|The canal is a vital global trading route and major source of revenues for the Egyptian authorities
Two Iranian naval ships have passed through Egypt's Suez Canal into the Mediterranean Sea heading for Syria, a source at the canal authority told the Reuters news agency.
The ships entered the canal at 03:45 GMT on Tuesday and passed into the Mediterranean at 13:30GMT, the Suez Canal Authority source said.
"Their return is expected to be on March 3," the source said.
The two vessels, Alvand, a patrol frigate and Kharg, a supply ship, are the first naval vessels going through the canal since Iran's 1979 Islamic revolution, after which diplomatic ties between Egypt and Iran were strained.
Egypt's ruling military council, facing its first diplomatic challenge since taking power on February 11, approved the vessels' passage through the canal.

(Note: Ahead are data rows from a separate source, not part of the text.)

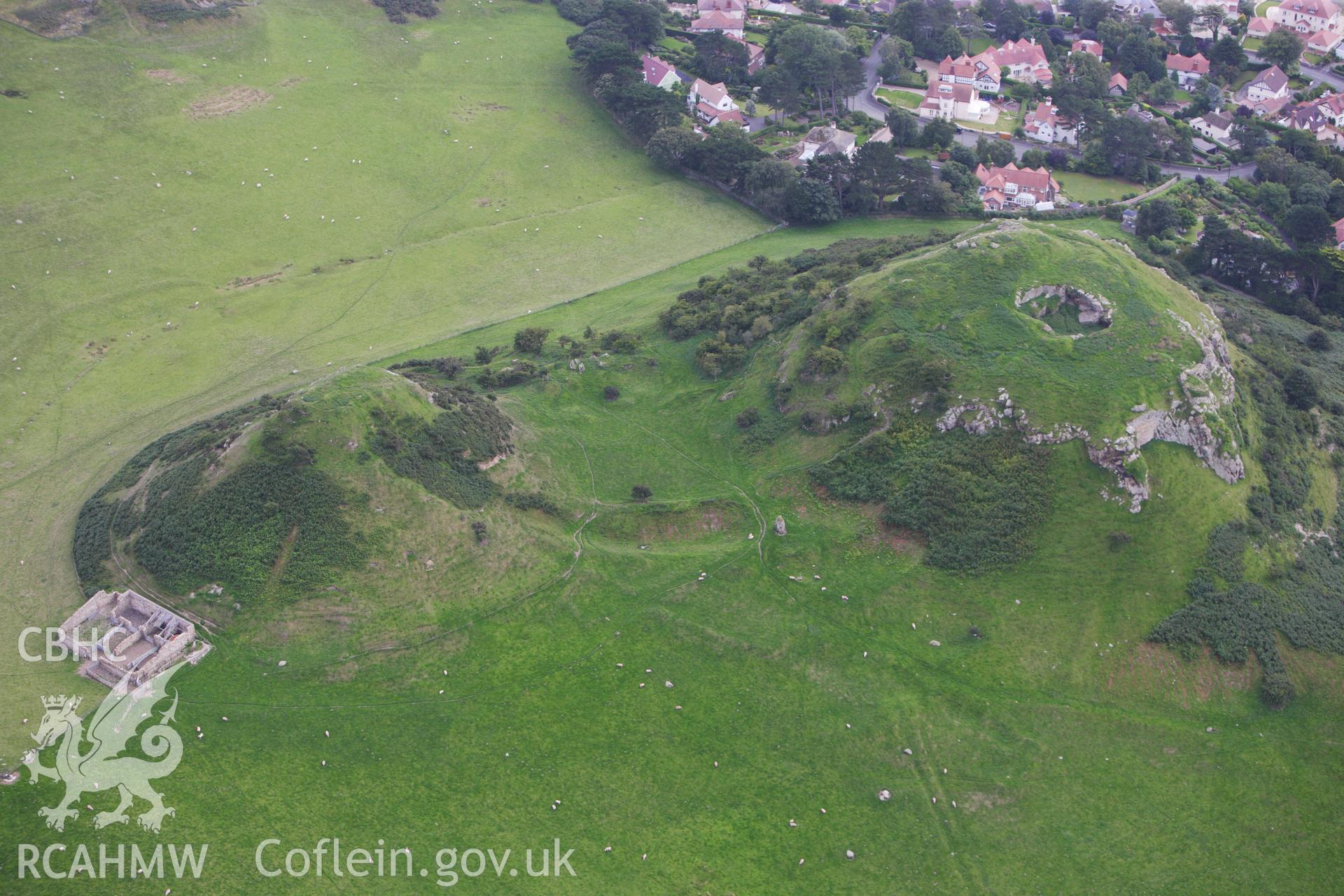 RCAHMW colour oblique aerial photograph of Deganwy Castle. Taken on 06 August 2009 by Toby Driver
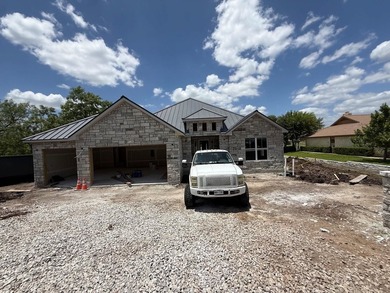 Spectacular views of the golf course from this new 3/2.5/3 home - photo 2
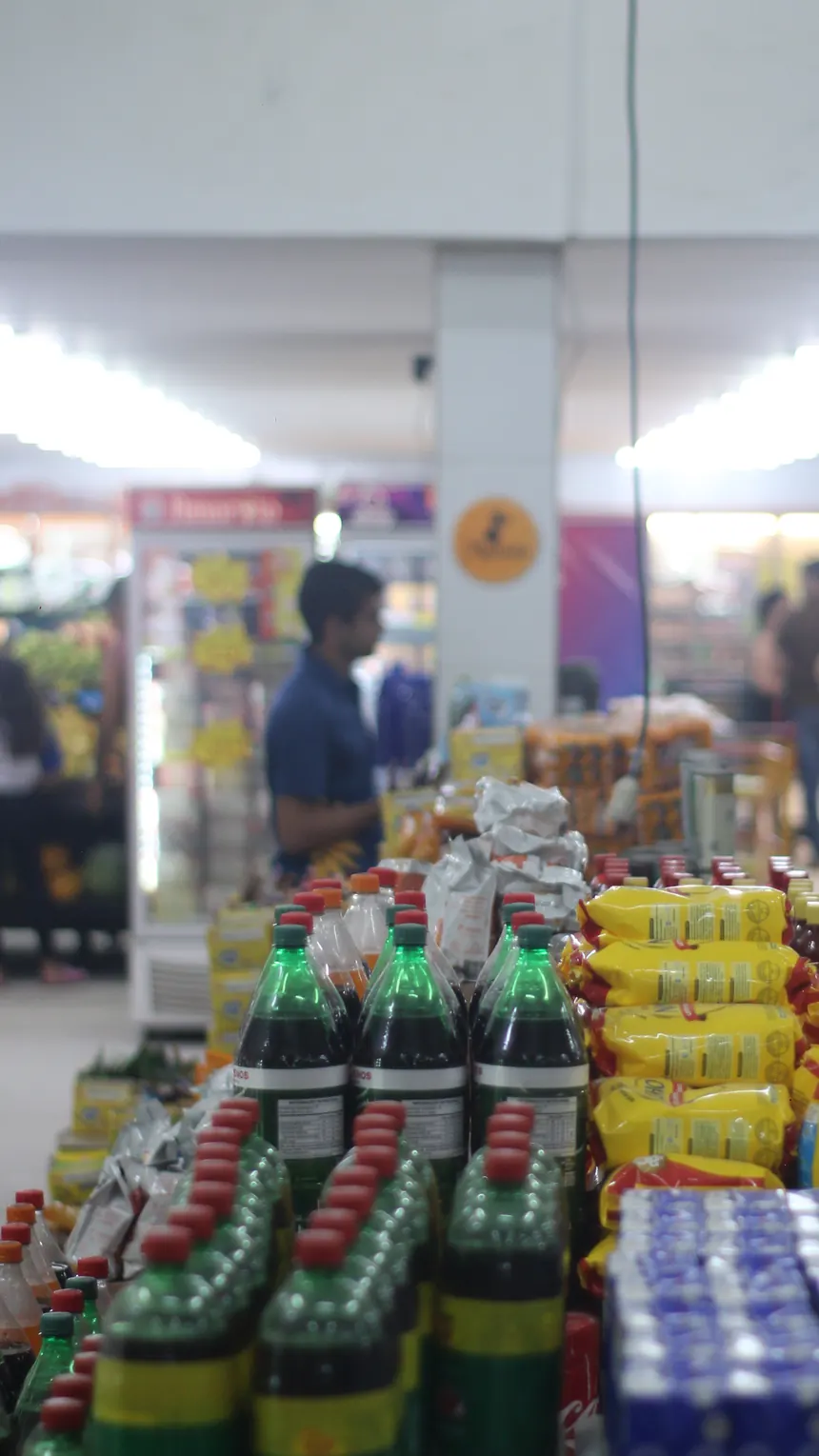 Área de frente de loja do Kumamoto com ilhas de promoção e clientes circulando com carrinho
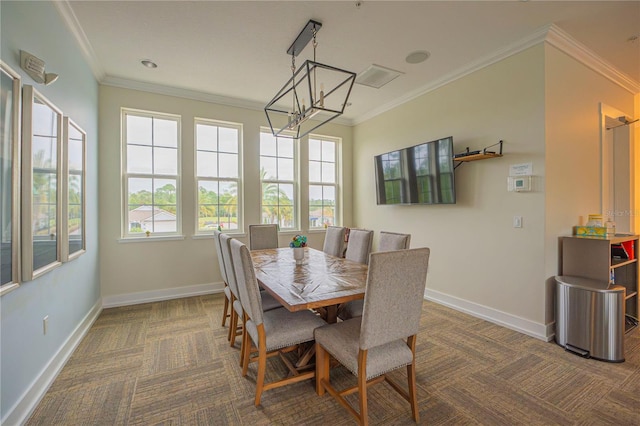 dining area with a chandelier and ornamental molding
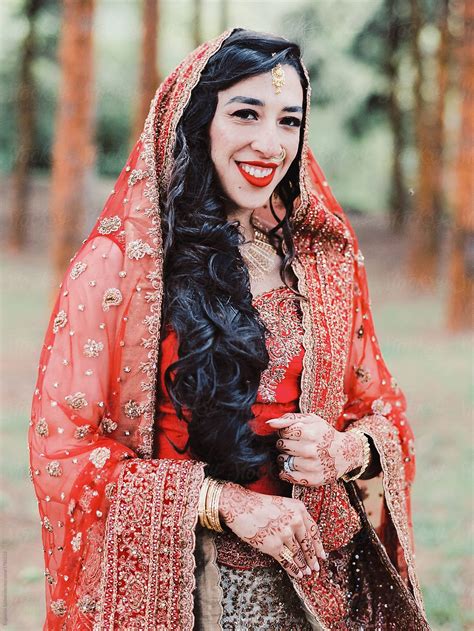 Portrait Of An Indian Bride Wearing Traditional Wedding Sari By Stocksy Contributor Evgeniya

The Suez Canal cuts through Egypt and allows shipping to pass from the Middle East to Europe and vice versa without going around the southern tip of Africa. The canal is a vital global trading route and a major source of revenue for the Egyptian authorities.

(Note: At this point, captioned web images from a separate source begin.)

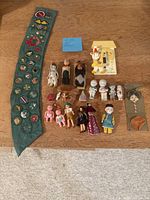Top-down view of dolls and Girl Scout sash on wooden floor, showing assortment of dolls and badges on sash.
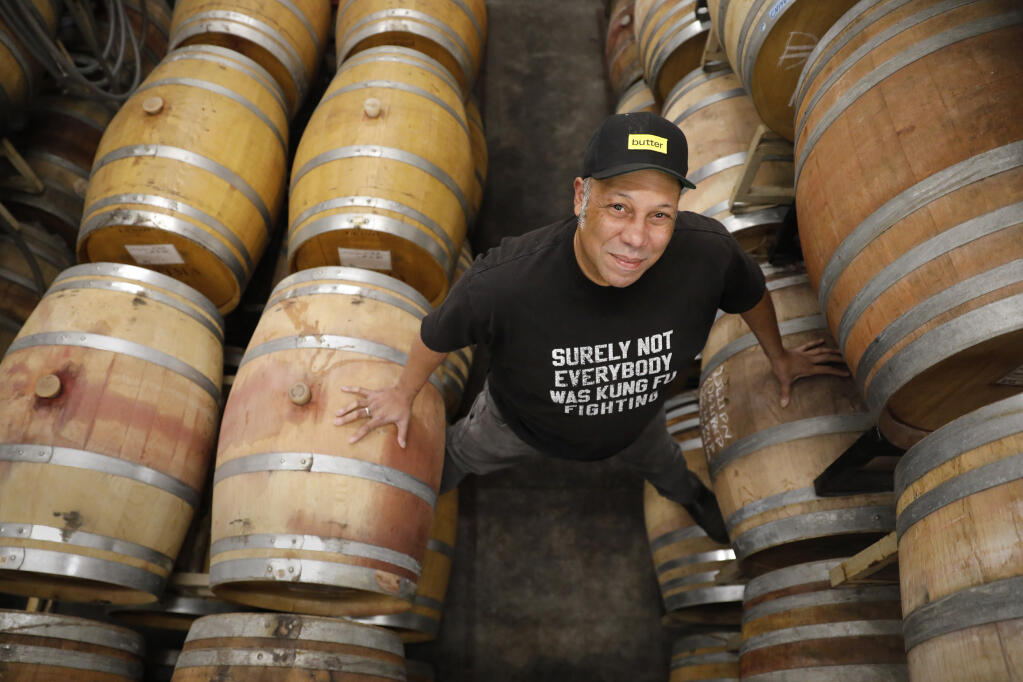 Dan Glover, winemaker and owner of L'Objet Wines, climbs atop barrels of his wine stored at Optima Winery in Healdsburg, Calif., Tuesday, Jan. 31, 2023. (Beth Schlanker/The Press Democrat)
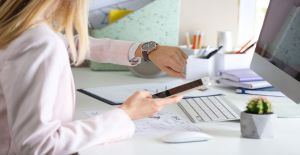A professional woman checking her wristwatch while she sits at her office desk and holds her smartphone.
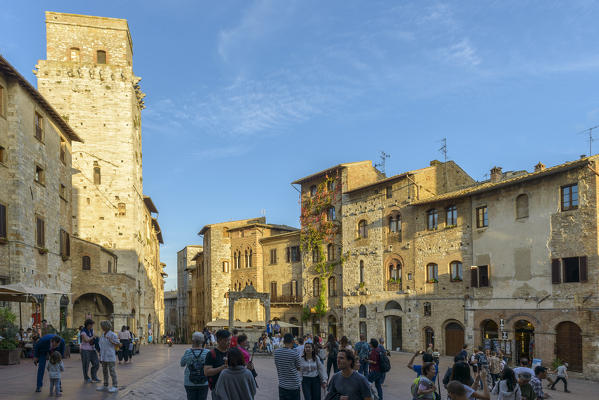 Tourists in the square of San Gimignano. Italy, Tuscany, Siena district.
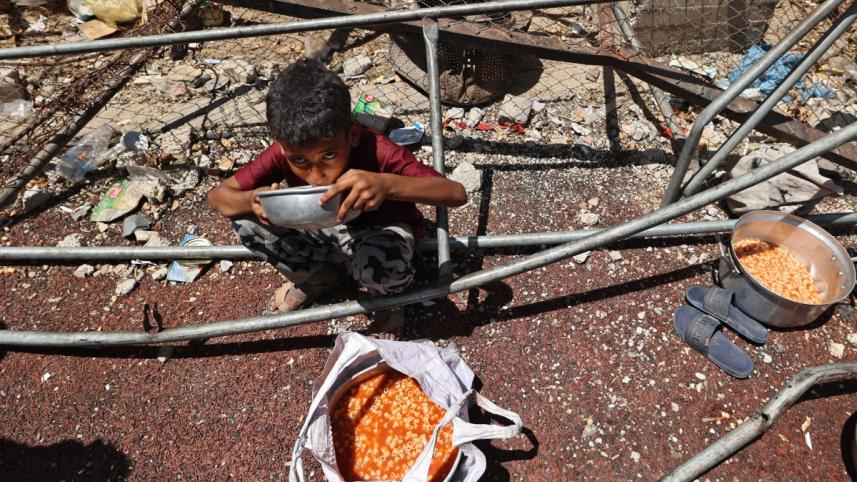নুসেইরাত শিবিরে খাবার খাচ্ছে এক অভুক্ত ফিলিস্তিনি শিশু। ছবি: এএফপি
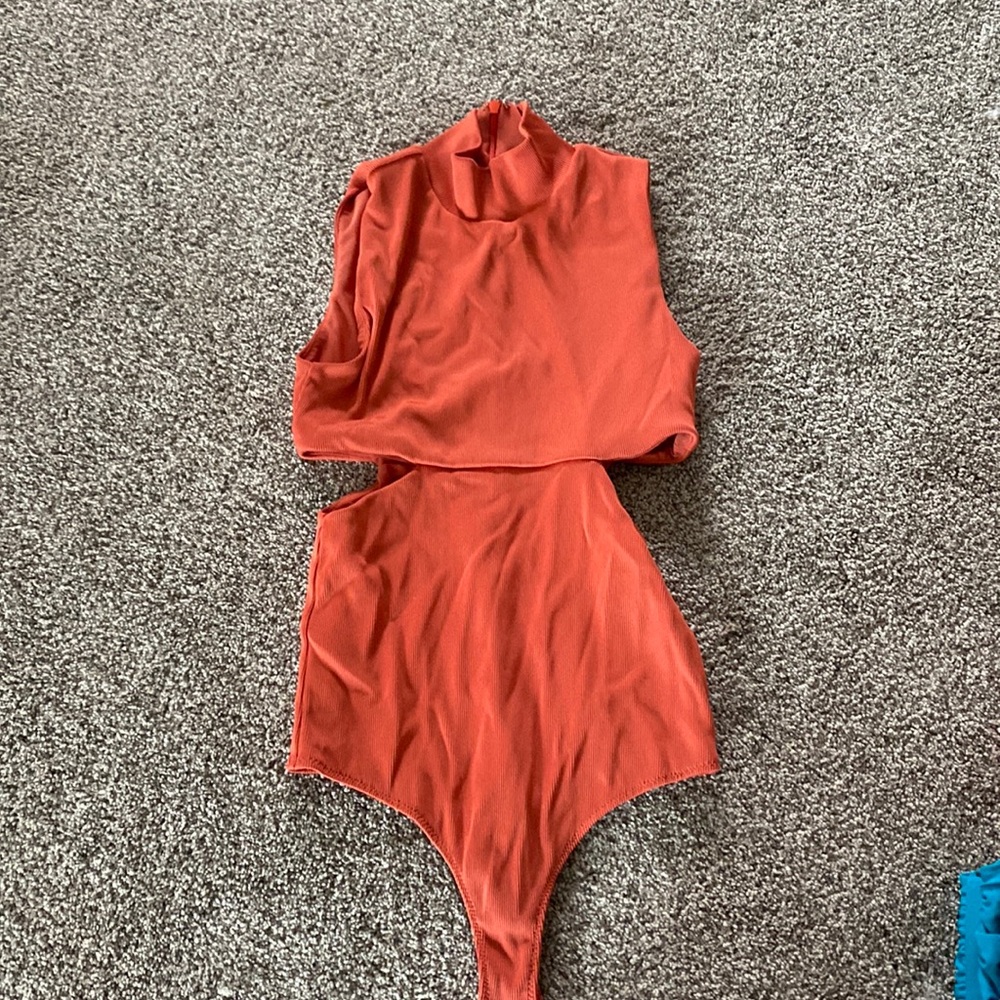 Body suit with slits on the side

Israel takes a "grave view" of the passage of the ships.
On Sunday, after a weekly meeting of his cabinet, Binyamin Netanyahu, the Israeli prime minister, denounced the ships' arrival in the region as an Iranian power play.
And last week, the prospect of the Suez crossing was described by Avigdor Lieberman, Israel's far-right foreign minister, as a "provocation" by Iran.
But an Iranian diplomat said that: "This will be a routine visit, within international law, in line with the co-operation between Iran and Syria, who have strategic ties.
"The ships will spend a few days in Syrian ports for training purposes, having already visited several countries including Oman and Saudi Arabia."
The decision was a difficult one for Egypt's interim government as Cairo is an ally of the US and has a peace treaty with Israel.
However, Egypt's official MENA news agency has reported that the request for the ships to transit the canal was granted because they were not carrying weapons or nuclear and chemical materials.
The 1,500-tonne Alvand is normally armed with torpedoes and anti-ship missiles, while the larger 33,000-tonne Kharg has a crew of 250 and facilities for up to three helicopters, Iran's official Fars news agency said.